Entries below include pictures. Output exactly the lines from the one with "Cordless Brad Nailer, 2-in-1" down to the one with "Opel Astra - 1100", both ends included, and leave the pictures out.

##### Records for processing

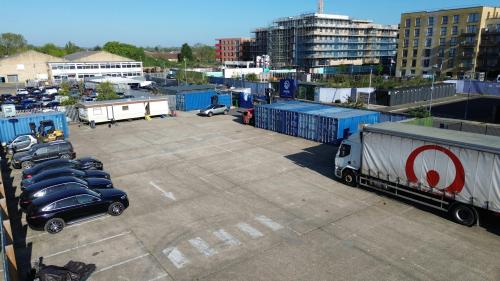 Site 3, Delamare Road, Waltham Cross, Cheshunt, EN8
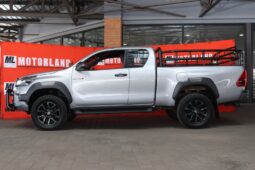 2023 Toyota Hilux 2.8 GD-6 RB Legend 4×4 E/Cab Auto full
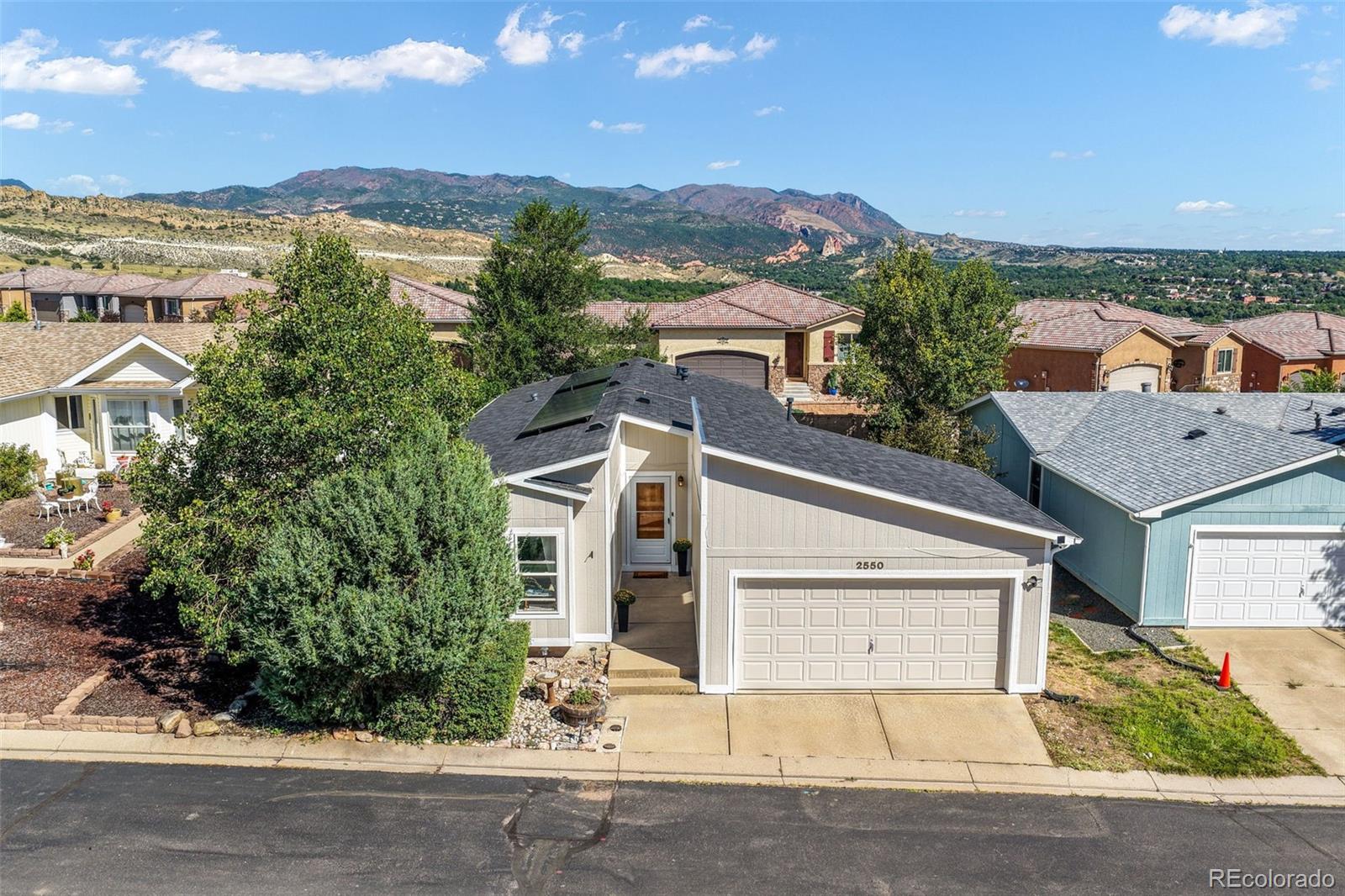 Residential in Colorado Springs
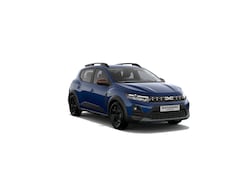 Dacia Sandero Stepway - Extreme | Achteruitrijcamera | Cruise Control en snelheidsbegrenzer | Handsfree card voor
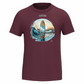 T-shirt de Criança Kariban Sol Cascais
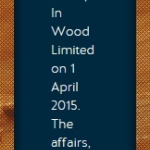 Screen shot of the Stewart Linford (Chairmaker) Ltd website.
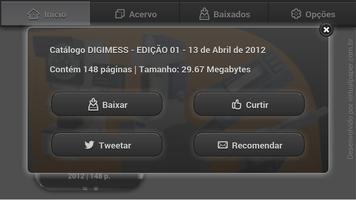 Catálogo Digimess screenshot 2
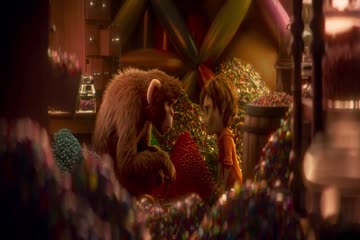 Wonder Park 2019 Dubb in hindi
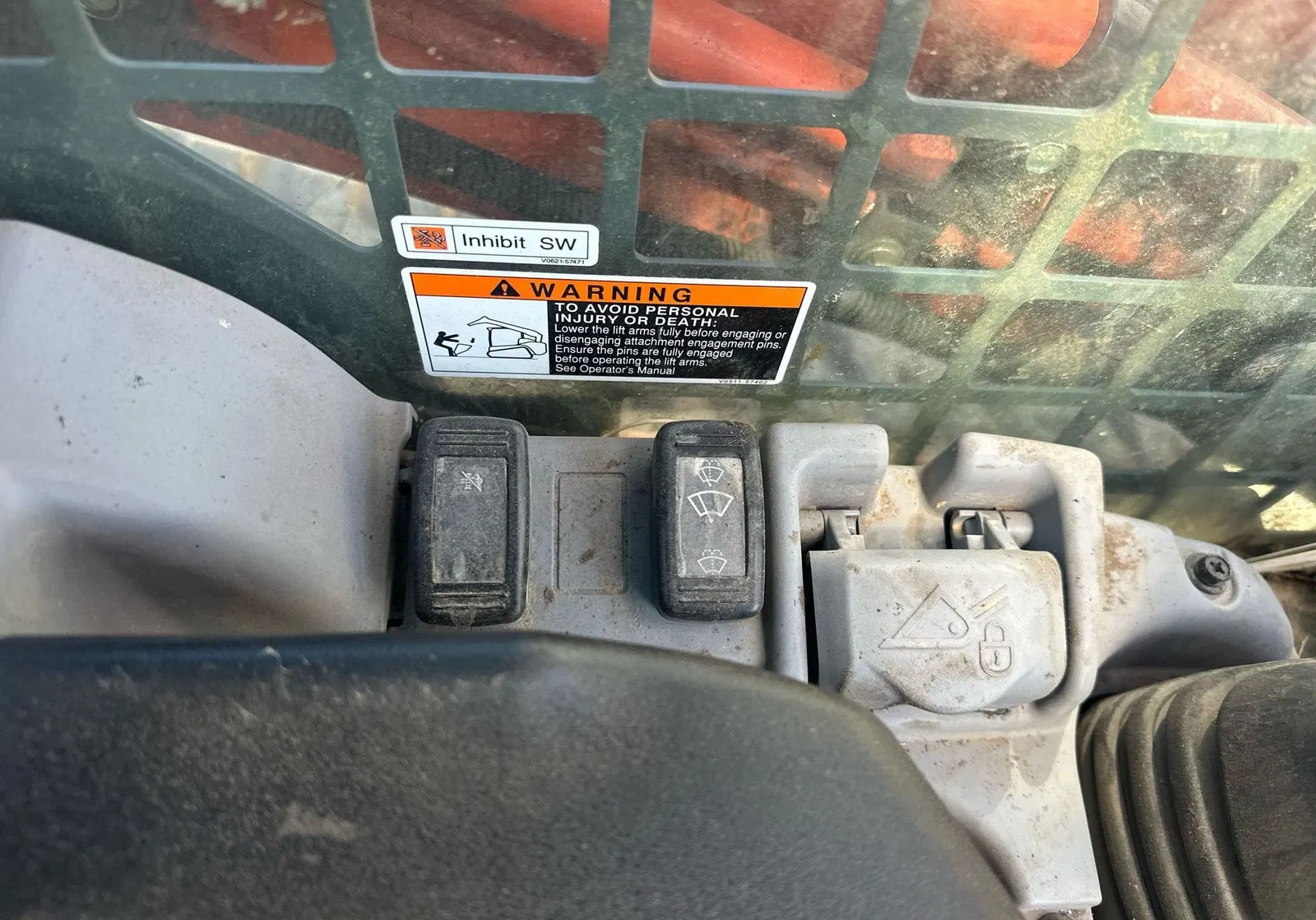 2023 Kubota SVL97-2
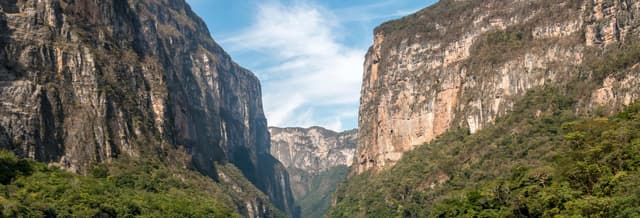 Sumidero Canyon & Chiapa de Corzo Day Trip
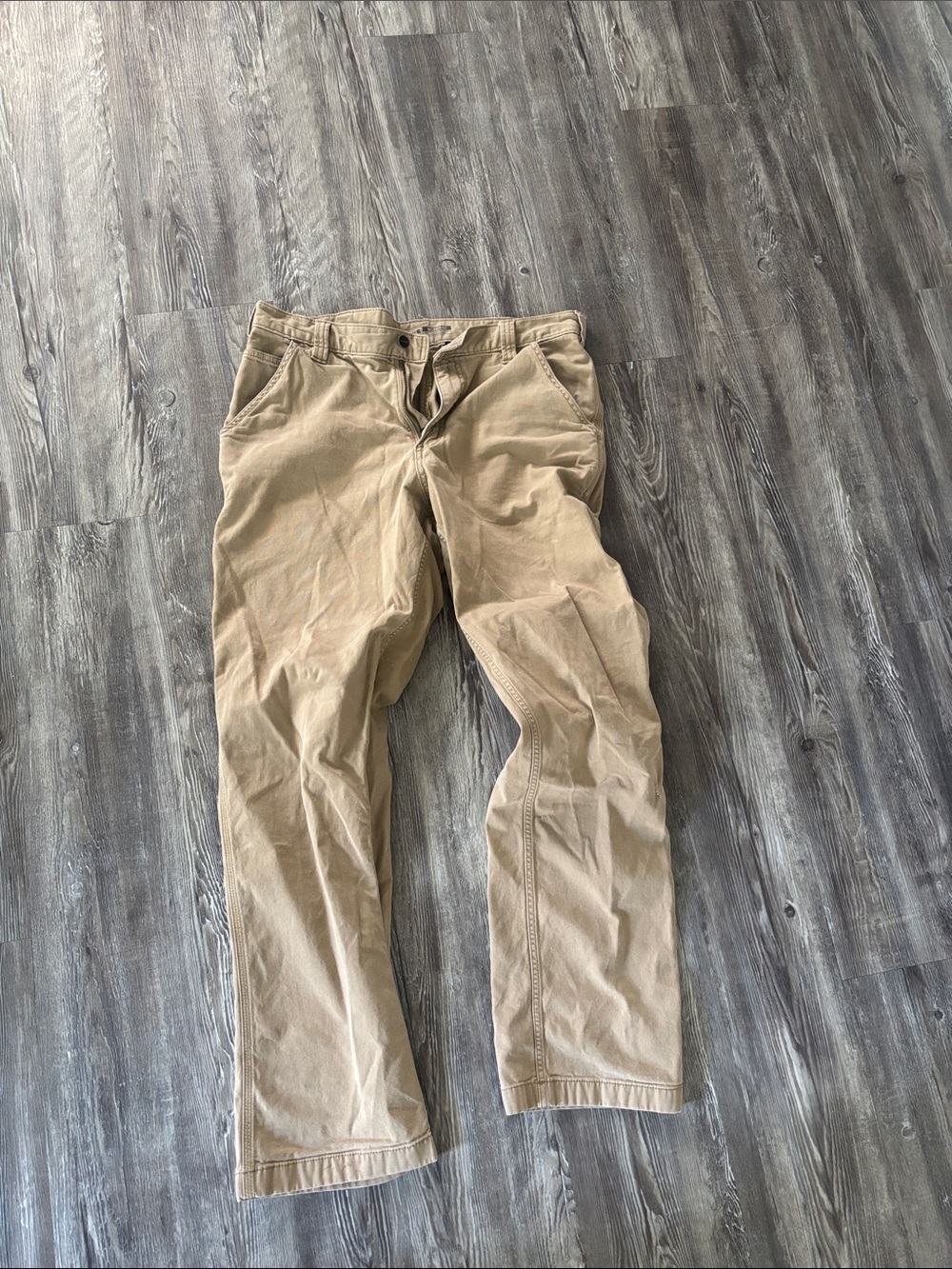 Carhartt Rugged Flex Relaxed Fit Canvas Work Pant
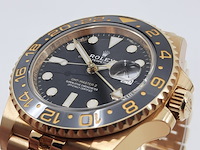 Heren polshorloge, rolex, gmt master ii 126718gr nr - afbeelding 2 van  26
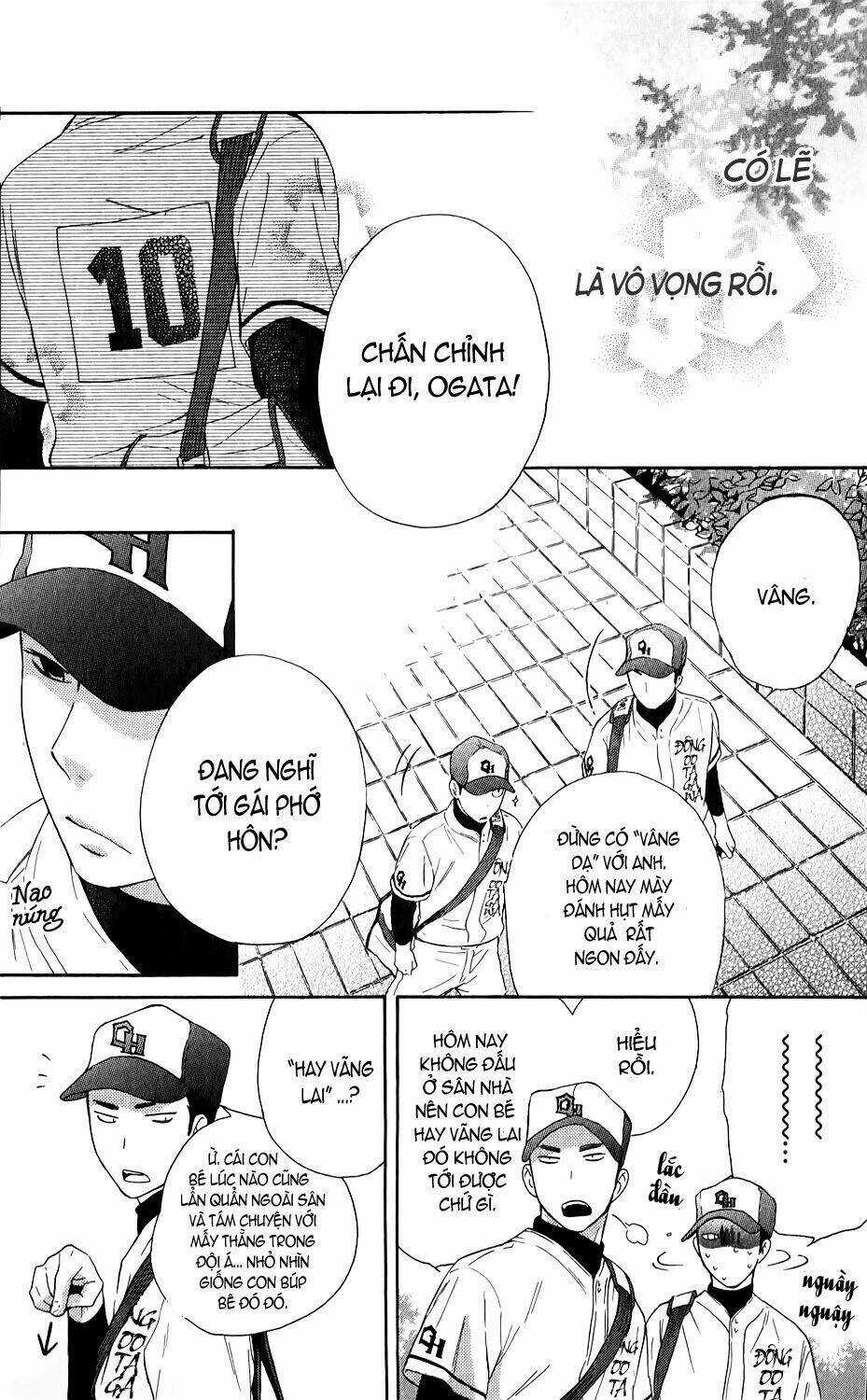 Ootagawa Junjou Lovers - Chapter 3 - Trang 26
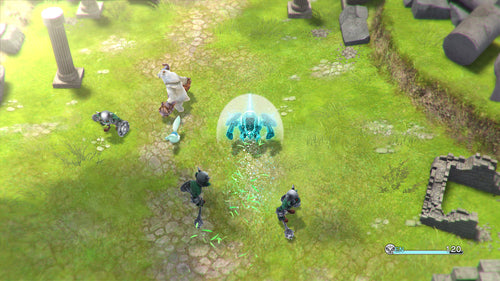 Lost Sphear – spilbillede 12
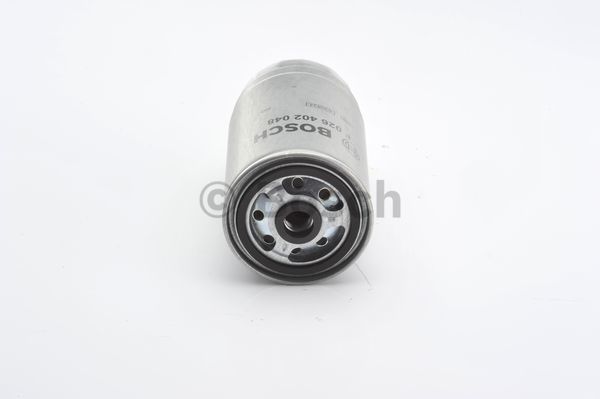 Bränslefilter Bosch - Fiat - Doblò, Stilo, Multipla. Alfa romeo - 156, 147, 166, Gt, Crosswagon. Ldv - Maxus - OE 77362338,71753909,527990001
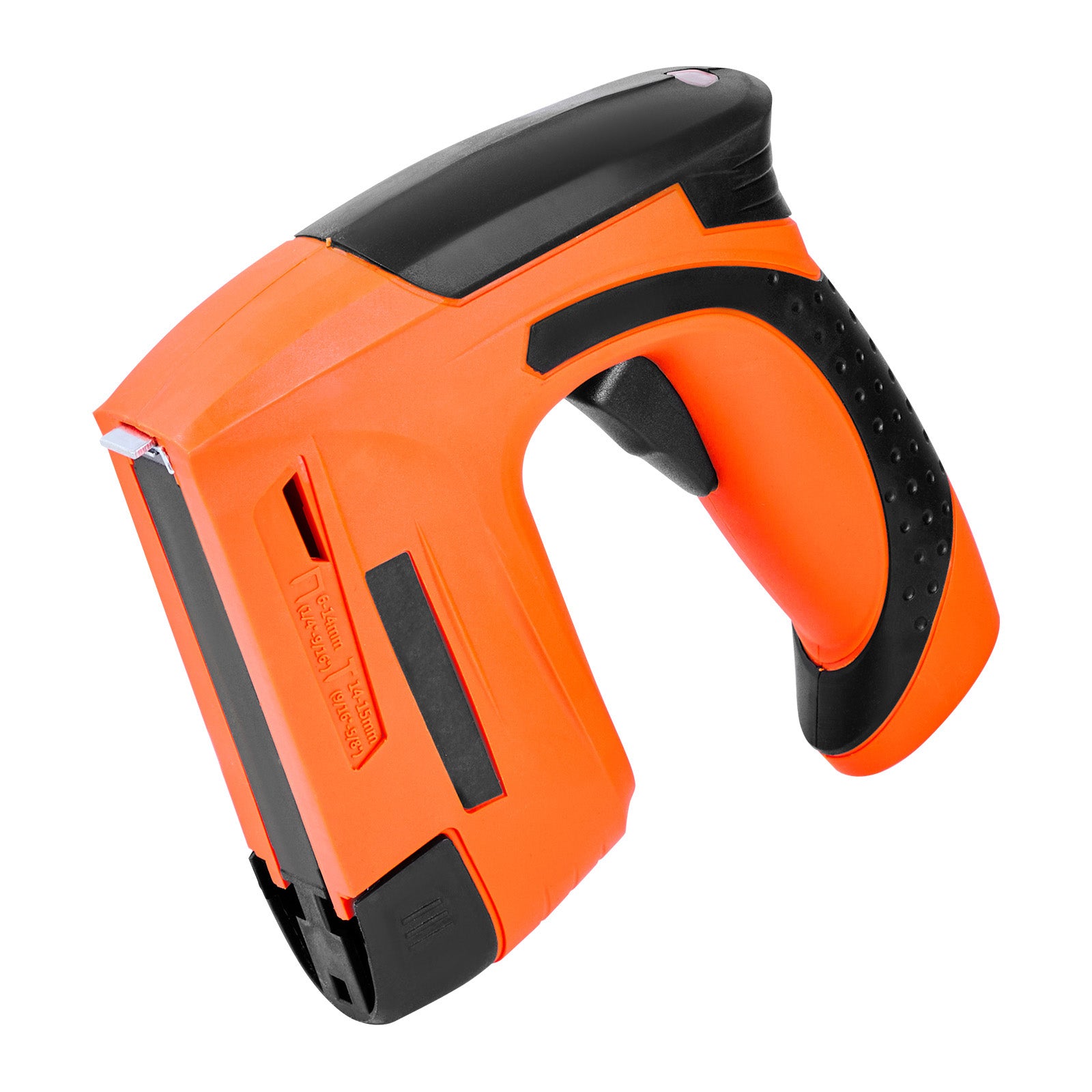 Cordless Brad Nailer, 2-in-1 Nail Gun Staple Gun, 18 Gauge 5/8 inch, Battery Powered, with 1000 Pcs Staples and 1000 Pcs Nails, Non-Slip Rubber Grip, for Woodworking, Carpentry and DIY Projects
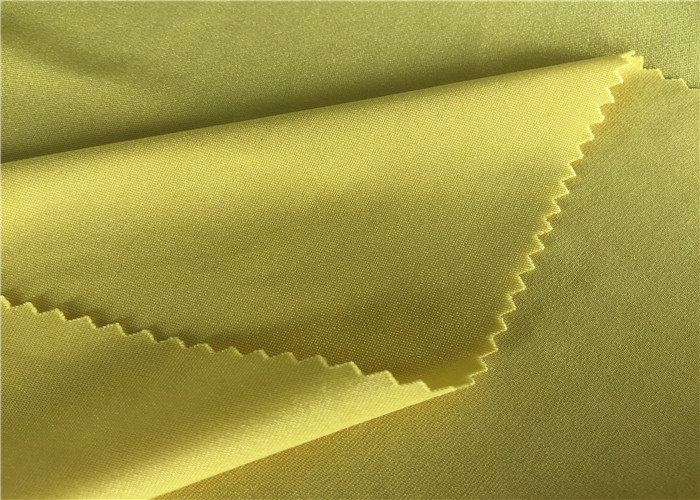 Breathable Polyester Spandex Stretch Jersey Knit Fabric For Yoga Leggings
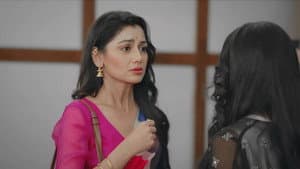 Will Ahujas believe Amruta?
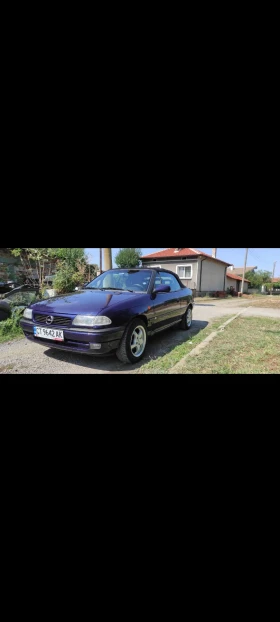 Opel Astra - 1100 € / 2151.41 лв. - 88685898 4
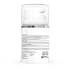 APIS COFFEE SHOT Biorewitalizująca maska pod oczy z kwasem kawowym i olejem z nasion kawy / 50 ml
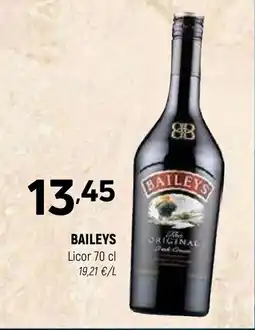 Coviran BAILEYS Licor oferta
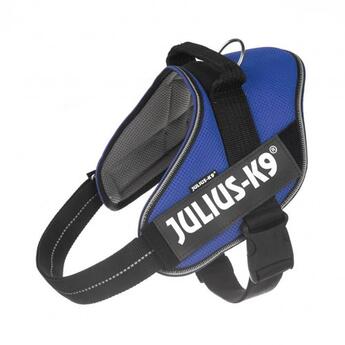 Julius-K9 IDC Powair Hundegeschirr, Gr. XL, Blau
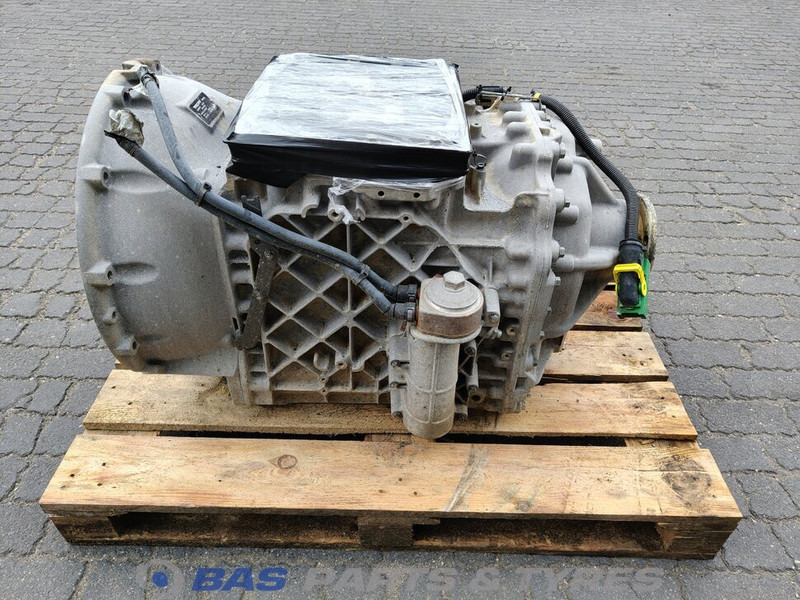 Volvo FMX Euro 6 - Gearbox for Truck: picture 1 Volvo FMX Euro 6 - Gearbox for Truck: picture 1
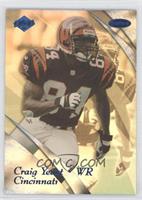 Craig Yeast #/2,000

##########

• [Task response]:
 Cordless Brad Nailer, 2-in-1 Nail Gun Staple Gun, 18 Gauge 5/8 inch, Battery Powered, with 1000 Pcs Staples and 1000 Pcs Nails, Non-Slip Rubber Grip, for Woodworking, Carpentry and DIY Projects
 Breathable Polyester Spandex Stretch Jersey Knit Fabric For Yoga Leggings
 Will Ahujas believe Amruta?
 Opel Astra - 1100 € / 2151.41 лв. - 88685898 4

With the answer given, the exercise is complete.